PROBLEM STATEMENT.
Exactly the lines from the one holding "Halloween AFRO QUEEN" through the last line of the listing below must appear in the answer, and no pictures.
(Beginning of EXTRACTED MATERIAL)
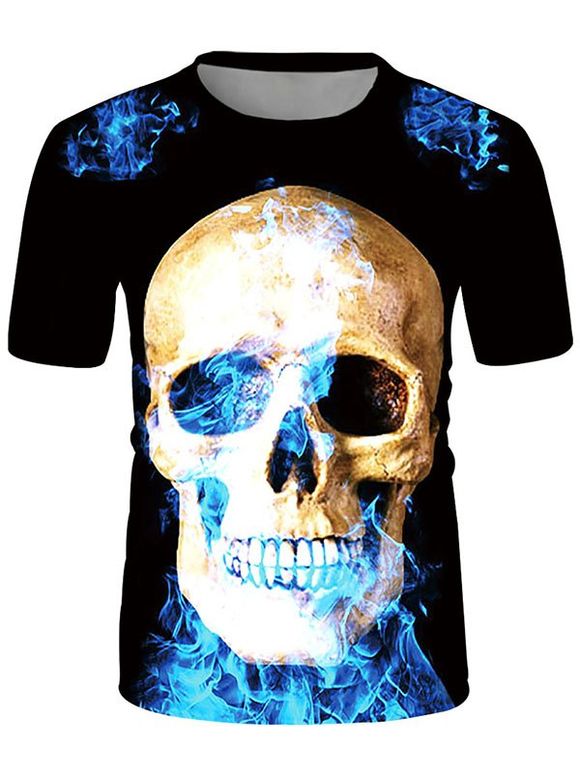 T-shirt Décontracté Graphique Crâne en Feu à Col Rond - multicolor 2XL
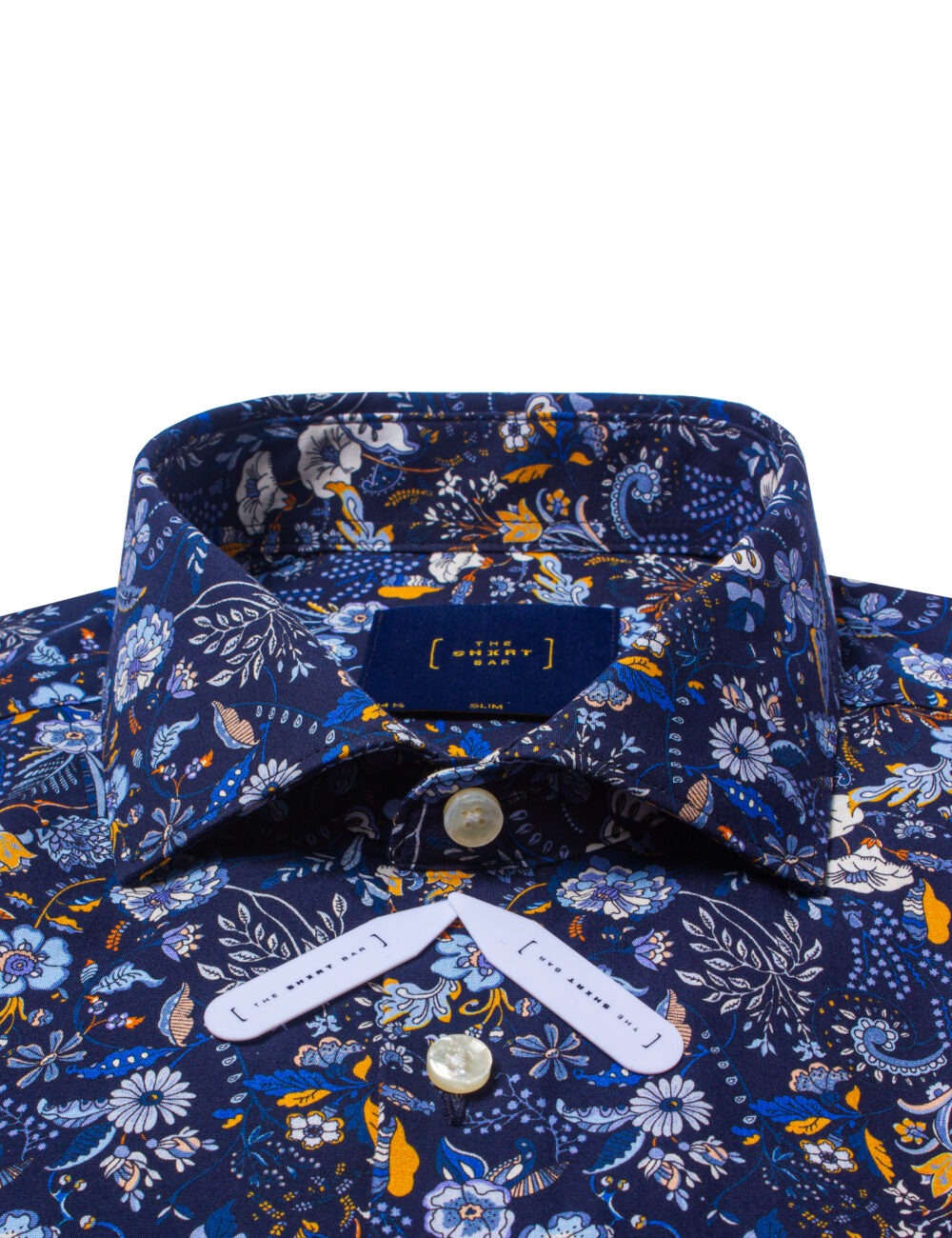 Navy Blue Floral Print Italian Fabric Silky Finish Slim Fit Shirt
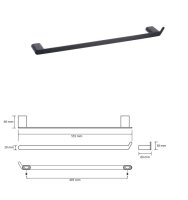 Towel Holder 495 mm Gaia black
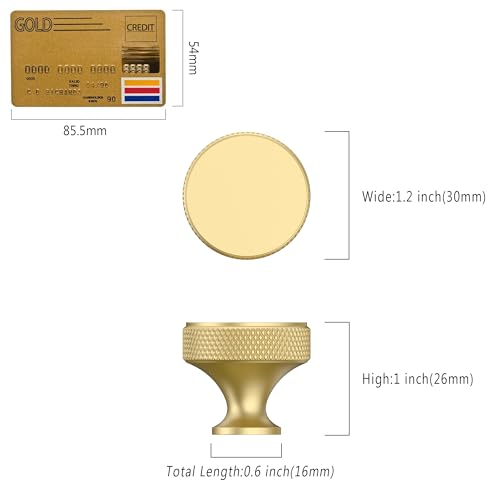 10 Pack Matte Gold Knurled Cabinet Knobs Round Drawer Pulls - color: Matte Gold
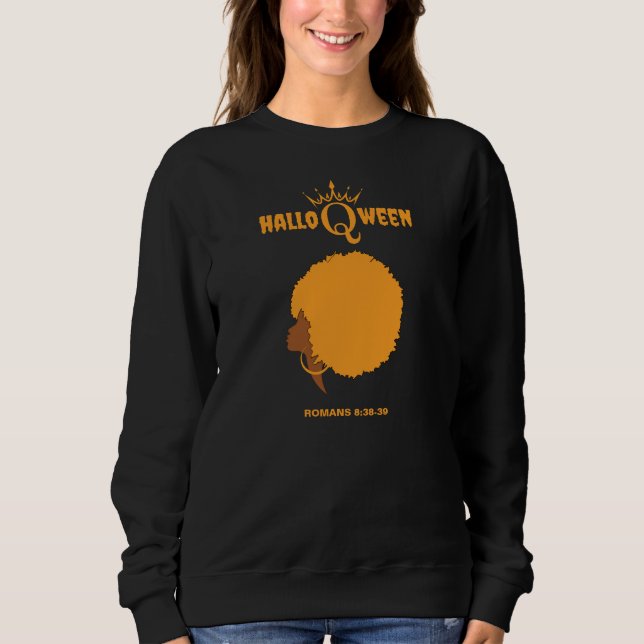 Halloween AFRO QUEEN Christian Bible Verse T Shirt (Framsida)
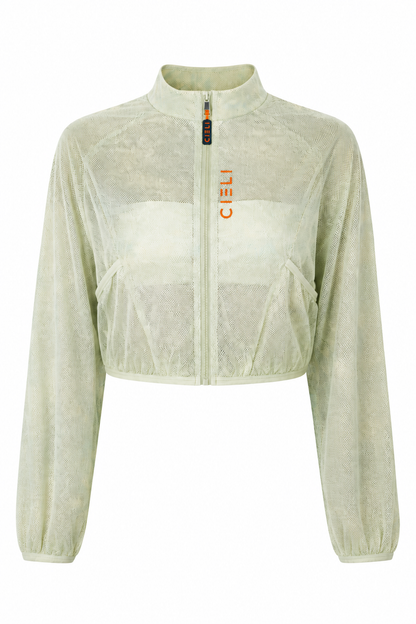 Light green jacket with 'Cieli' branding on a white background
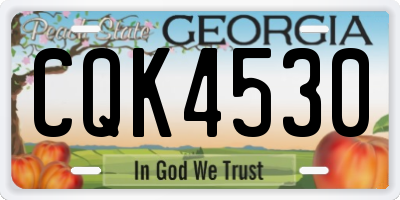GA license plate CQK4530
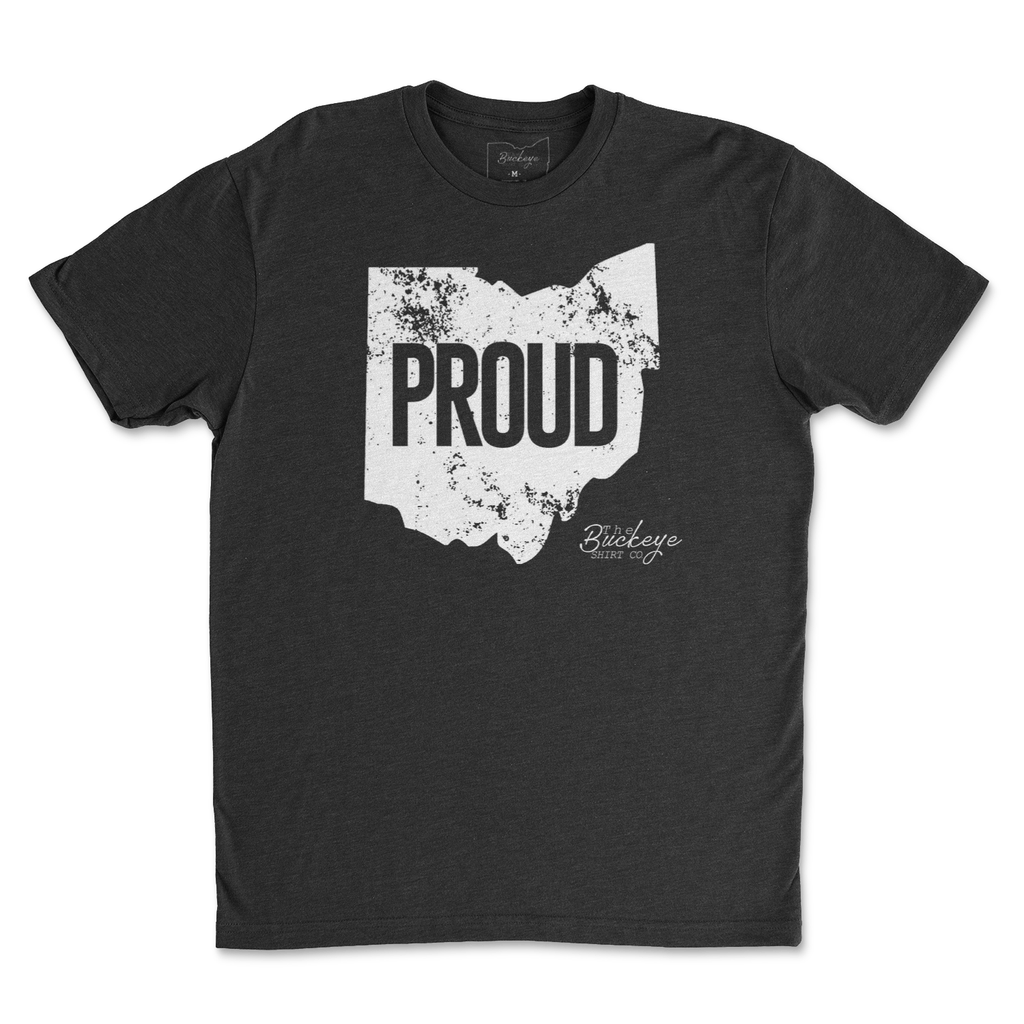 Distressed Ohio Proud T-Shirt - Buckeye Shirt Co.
(End of EXTRACTED MATERIAL)
RESULT OF THIS EXERCISE.
 Halloween AFRO QUEEN Christian Bible Verse T Shirt (Framsida)
 Light green jacket with 'Cieli' branding on a white background
GA license plate CQK4530
 Distressed Ohio Proud T-Shirt - Buckeye Shirt Co.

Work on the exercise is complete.